● **THE DATA**
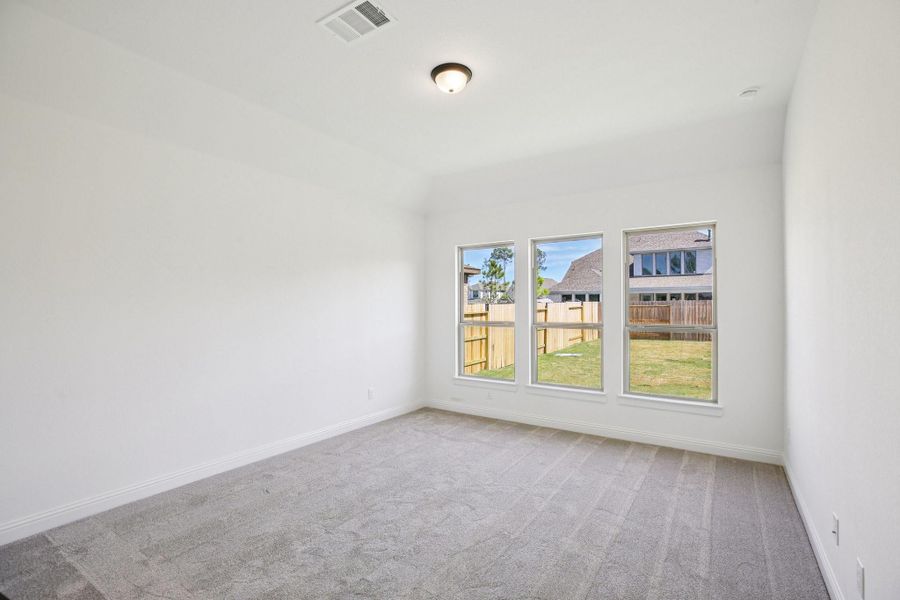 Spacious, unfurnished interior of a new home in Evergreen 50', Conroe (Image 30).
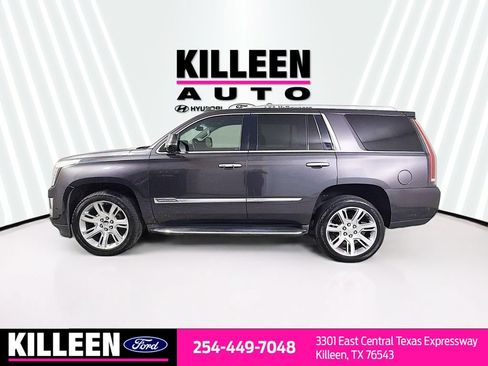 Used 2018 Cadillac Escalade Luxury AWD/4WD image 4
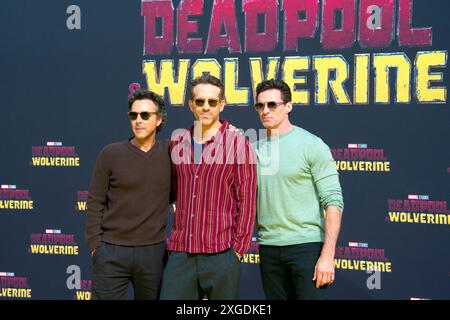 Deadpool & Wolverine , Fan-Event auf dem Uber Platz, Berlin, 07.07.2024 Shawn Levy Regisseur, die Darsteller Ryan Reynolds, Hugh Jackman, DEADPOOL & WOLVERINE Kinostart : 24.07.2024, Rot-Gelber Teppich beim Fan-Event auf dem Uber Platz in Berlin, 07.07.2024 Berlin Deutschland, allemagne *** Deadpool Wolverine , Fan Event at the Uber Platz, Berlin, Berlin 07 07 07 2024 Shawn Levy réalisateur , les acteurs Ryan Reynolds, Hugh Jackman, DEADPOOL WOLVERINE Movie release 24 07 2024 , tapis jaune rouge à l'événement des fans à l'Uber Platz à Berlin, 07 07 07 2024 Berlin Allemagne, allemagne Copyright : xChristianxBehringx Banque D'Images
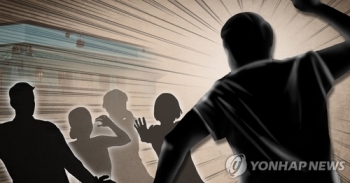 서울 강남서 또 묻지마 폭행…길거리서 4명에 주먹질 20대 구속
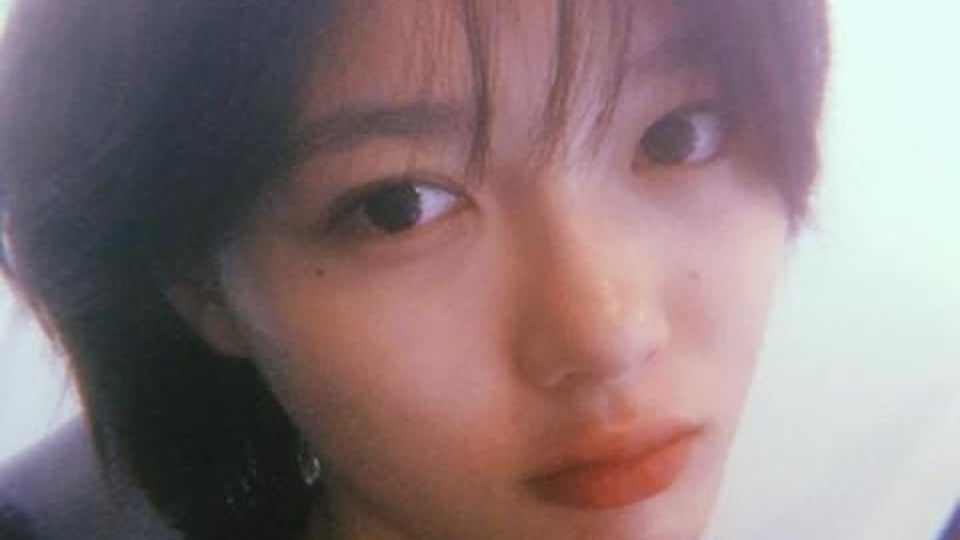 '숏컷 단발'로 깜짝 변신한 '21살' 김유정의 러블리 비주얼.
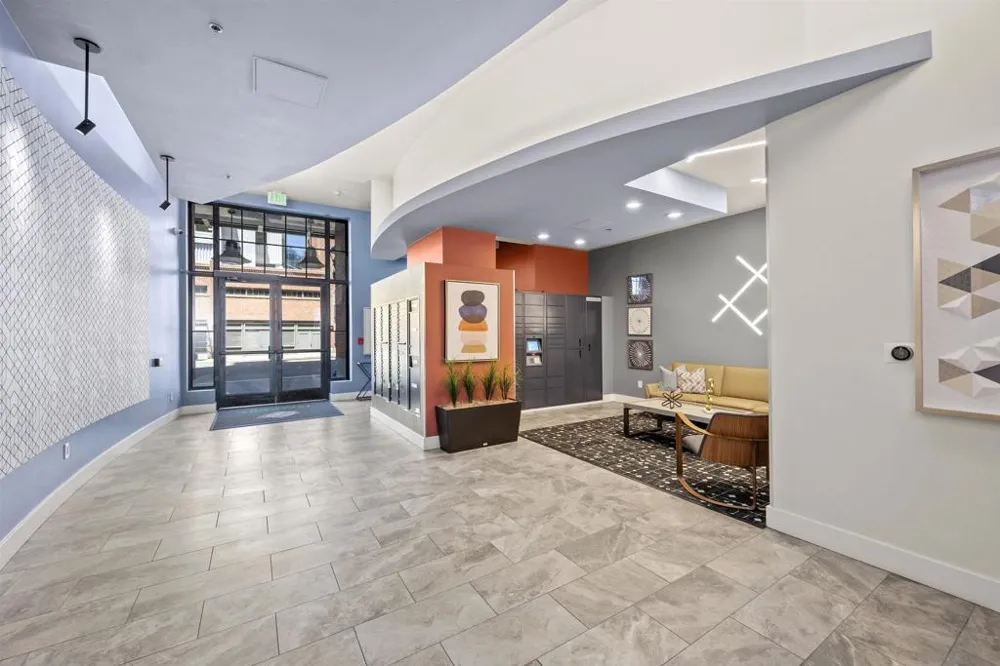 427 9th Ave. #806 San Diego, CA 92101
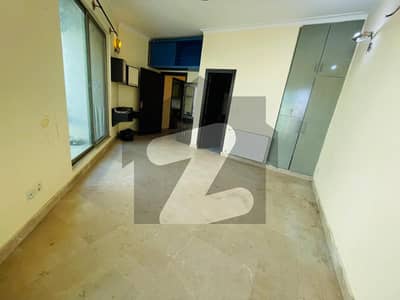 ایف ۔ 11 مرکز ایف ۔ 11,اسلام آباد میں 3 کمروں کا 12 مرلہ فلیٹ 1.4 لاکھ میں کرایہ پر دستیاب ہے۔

--

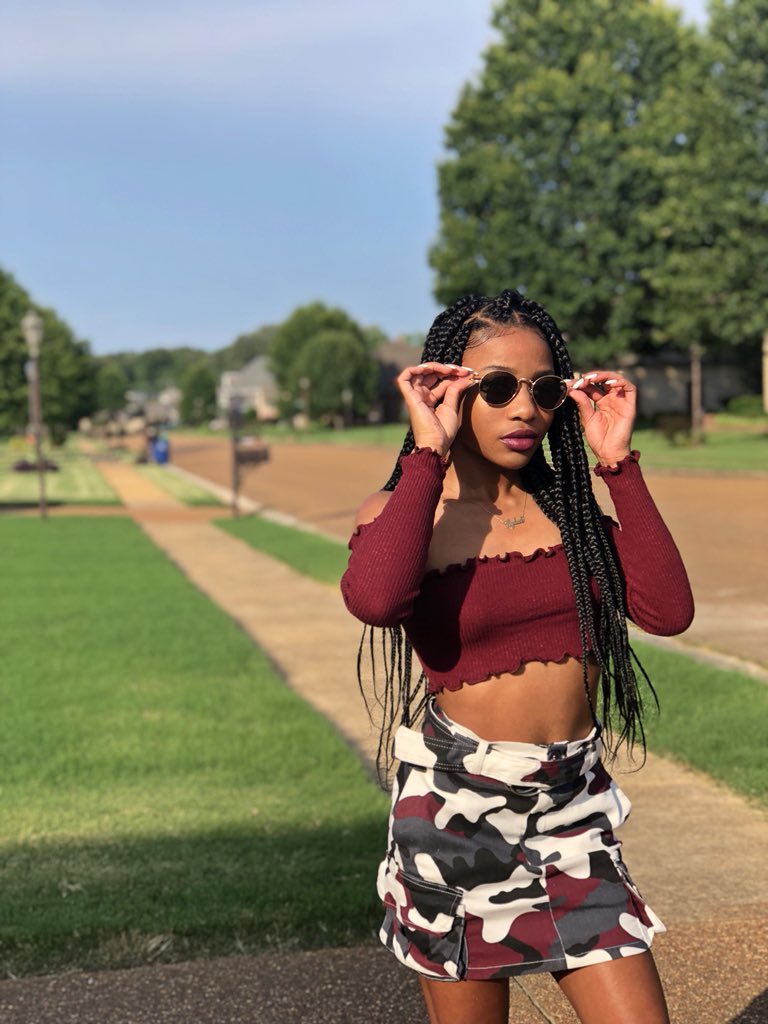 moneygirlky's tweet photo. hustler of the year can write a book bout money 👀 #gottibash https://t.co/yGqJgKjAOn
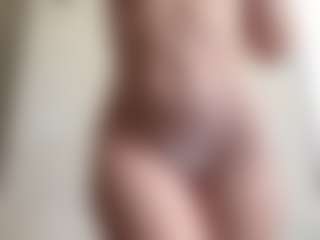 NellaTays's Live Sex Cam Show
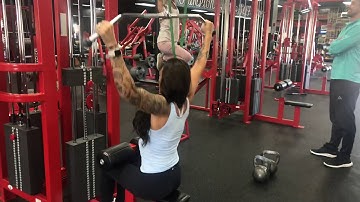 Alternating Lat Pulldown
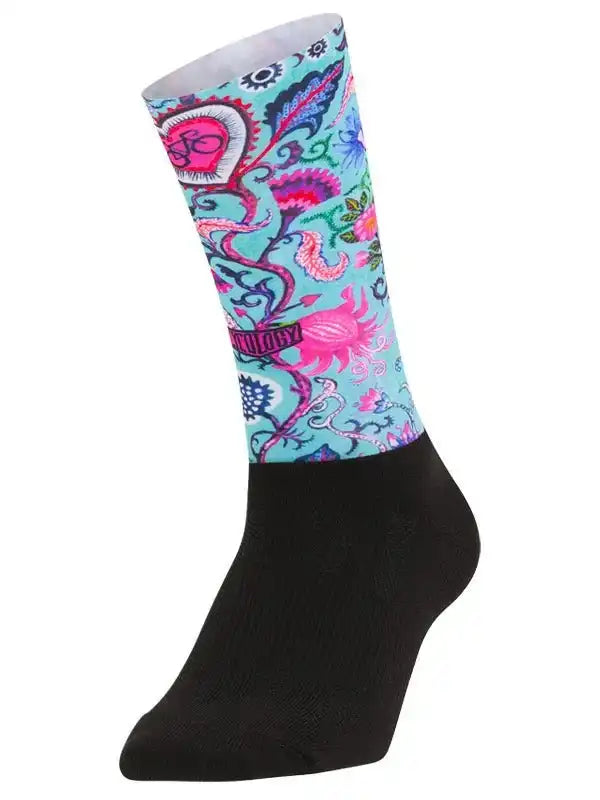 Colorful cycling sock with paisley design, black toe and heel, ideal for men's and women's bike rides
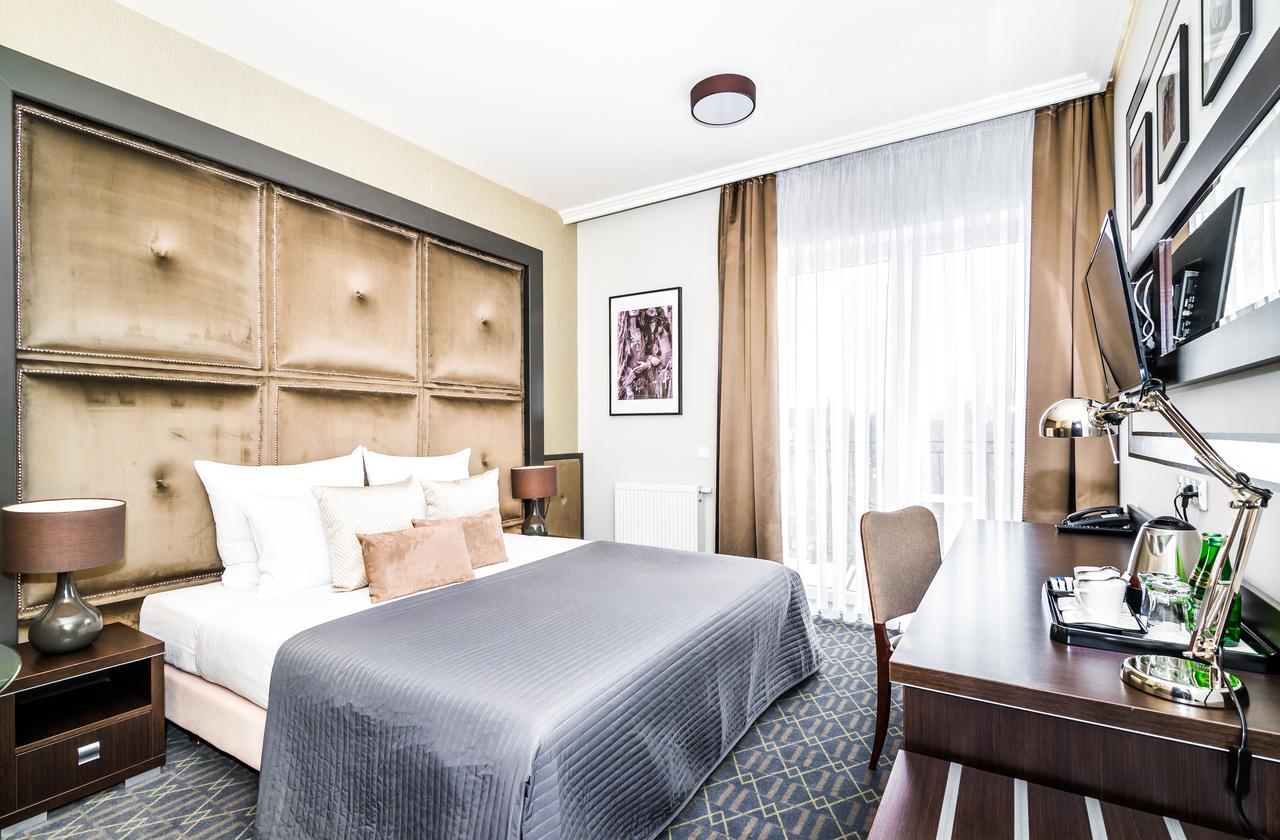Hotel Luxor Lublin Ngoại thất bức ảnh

==

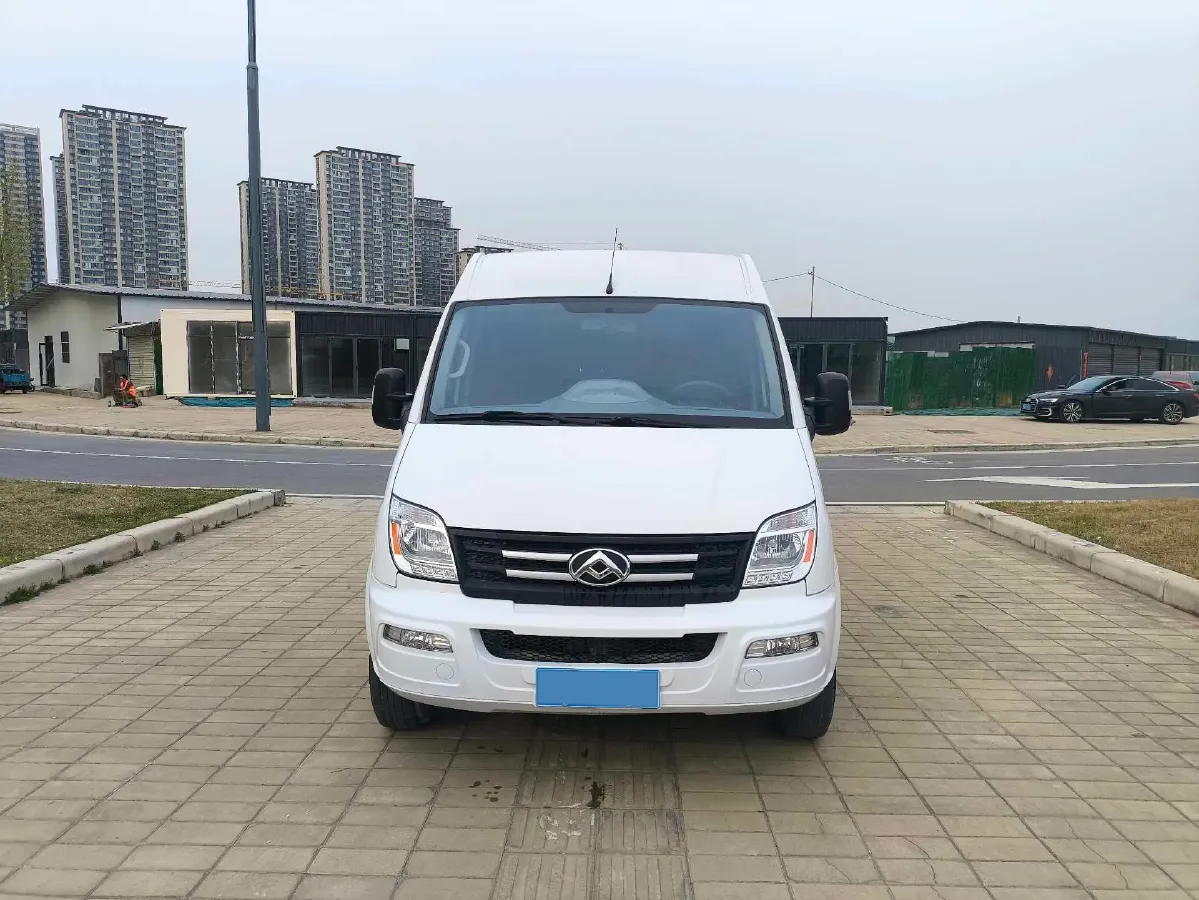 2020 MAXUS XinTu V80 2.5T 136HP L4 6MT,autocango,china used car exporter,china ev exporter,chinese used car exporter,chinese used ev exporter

● **TASK REQUIREMENTS**
Look back over the records above. Reproduce exactly everything from the line with "NellaTays's Live Sex Cam Show" down to the line with "Hotel Luxor Lublin Ngoại thất bức ảnh", inclusive, and leave the pictures out.

● **WRITTEN RESPONSE**
 NellaTays's Live Sex Cam Show
 Alternating Lat Pulldown
 Colorful cycling sock with paisley design, black toe and heel, ideal for men's and women's bike rides
Hotel Luxor Lublin Ngoại thất bức ảnh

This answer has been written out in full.